Short web captions:
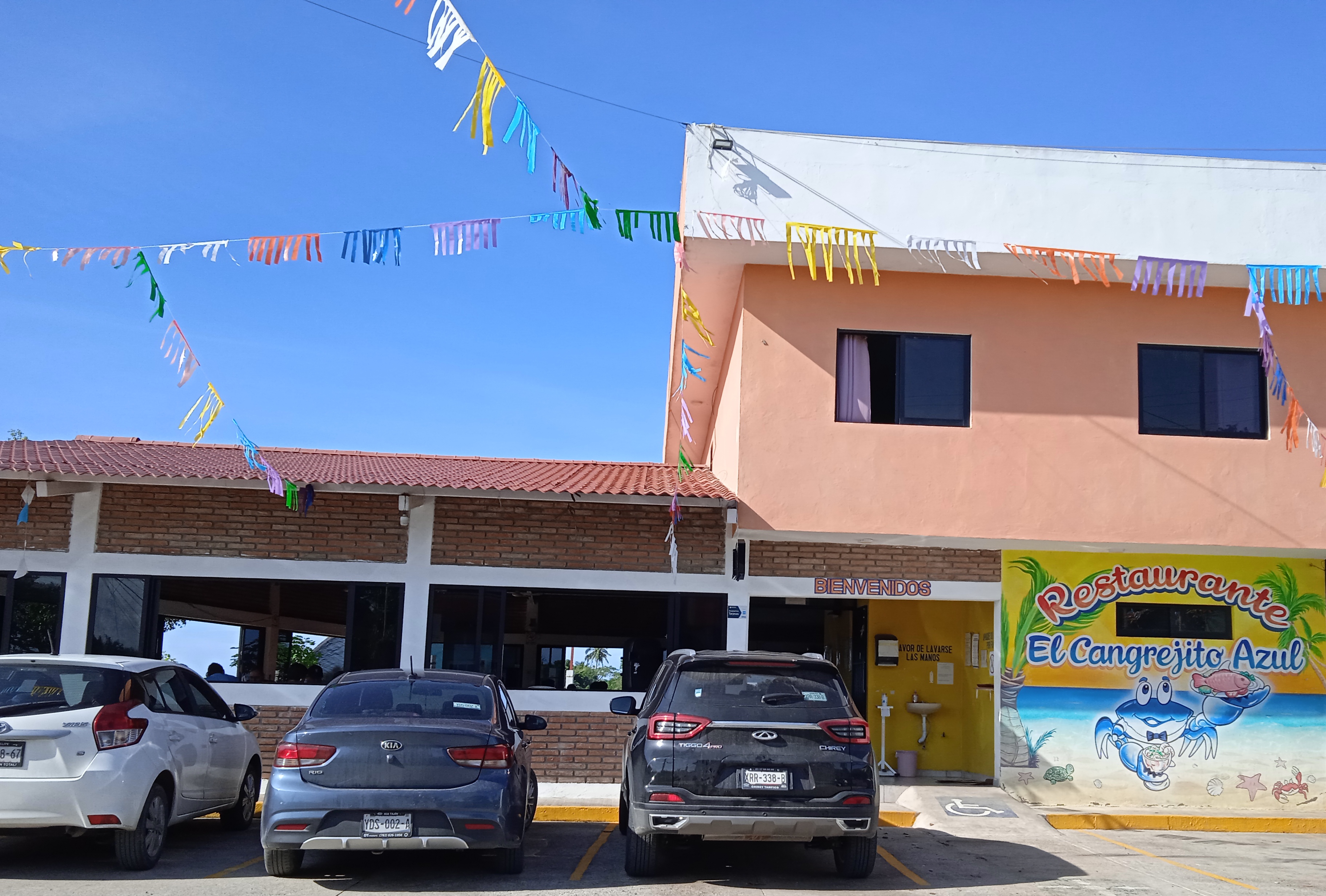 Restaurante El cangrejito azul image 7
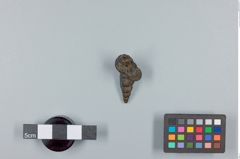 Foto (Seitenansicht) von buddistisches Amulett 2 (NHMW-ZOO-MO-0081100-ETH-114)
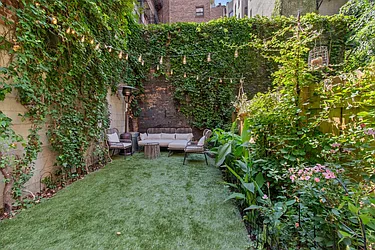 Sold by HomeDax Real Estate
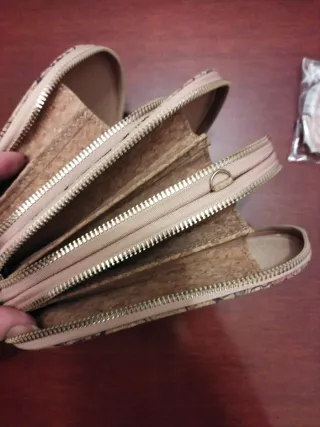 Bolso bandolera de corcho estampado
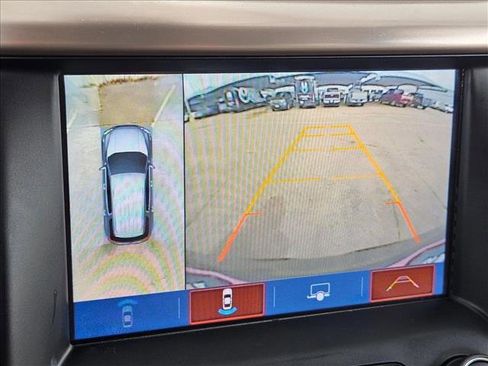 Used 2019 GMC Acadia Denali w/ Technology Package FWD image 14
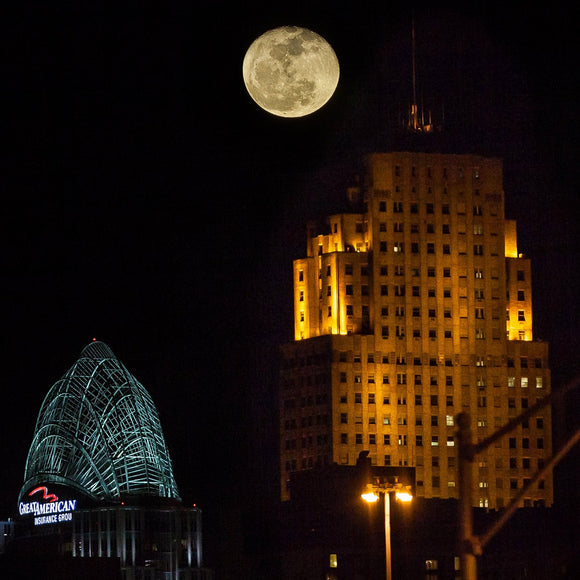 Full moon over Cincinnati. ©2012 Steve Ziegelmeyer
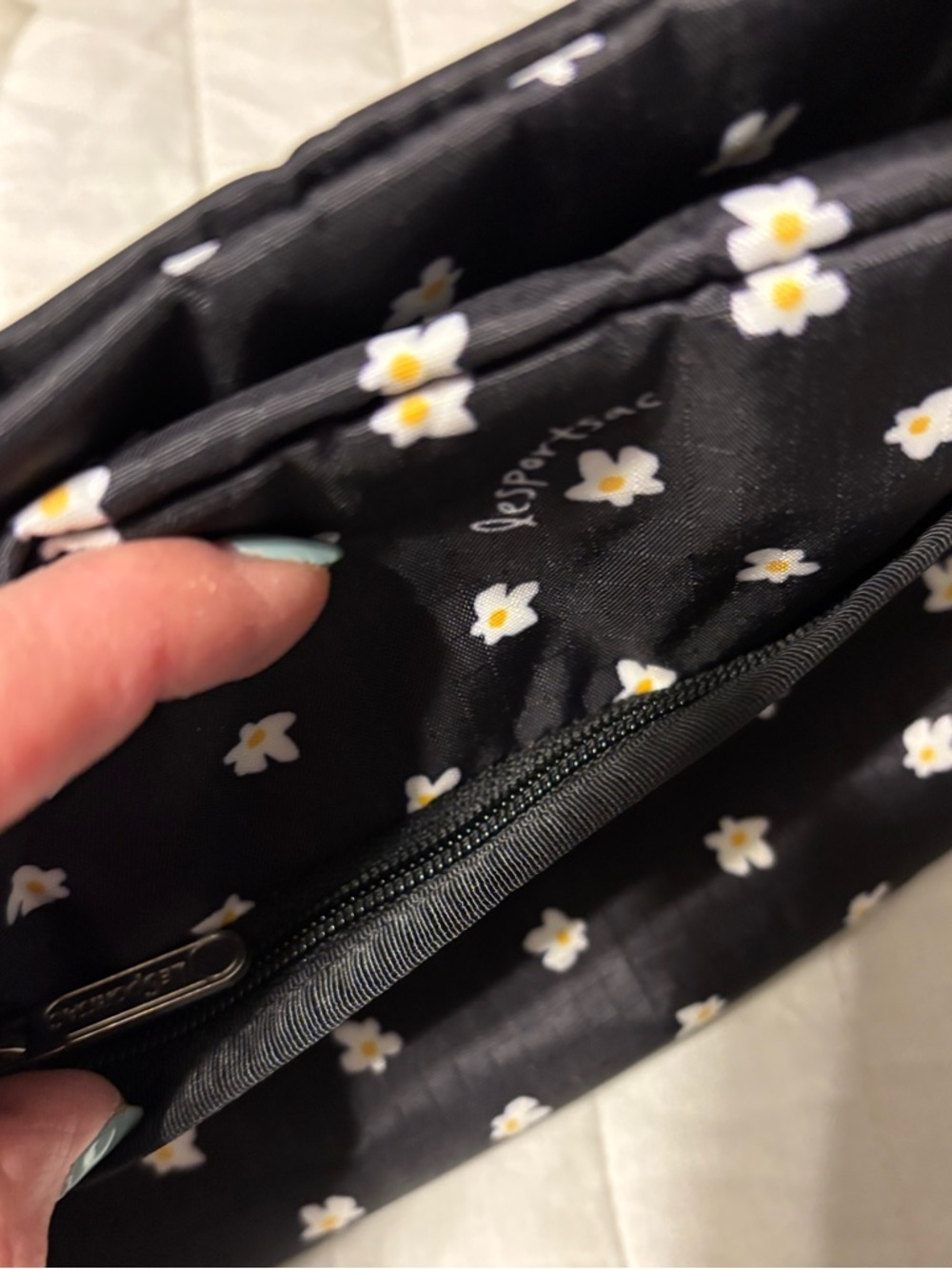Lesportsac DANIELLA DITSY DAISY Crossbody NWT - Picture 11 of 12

--- Exercise instructions ---
Before copying, set the pictures aside; then give the records again exactly.

--- Reply ---
 Restaurante El cangrejito azul image 7
 Foto (Seitenansicht) von buddistisches Amulett 2 (NHMW-ZOO-MO-0081100-ETH-114)
 Sold by HomeDax Real Estate
 Bolso bandolera de corcho estampado
 Used 2019 GMC Acadia Denali w/ Technology Package FWD image 14
 Full moon over Cincinnati. ©2012 Steve Ziegelmeyer
Lesportsac DANIELLA DITSY DAISY Crossbody NWT - Picture 11 of 12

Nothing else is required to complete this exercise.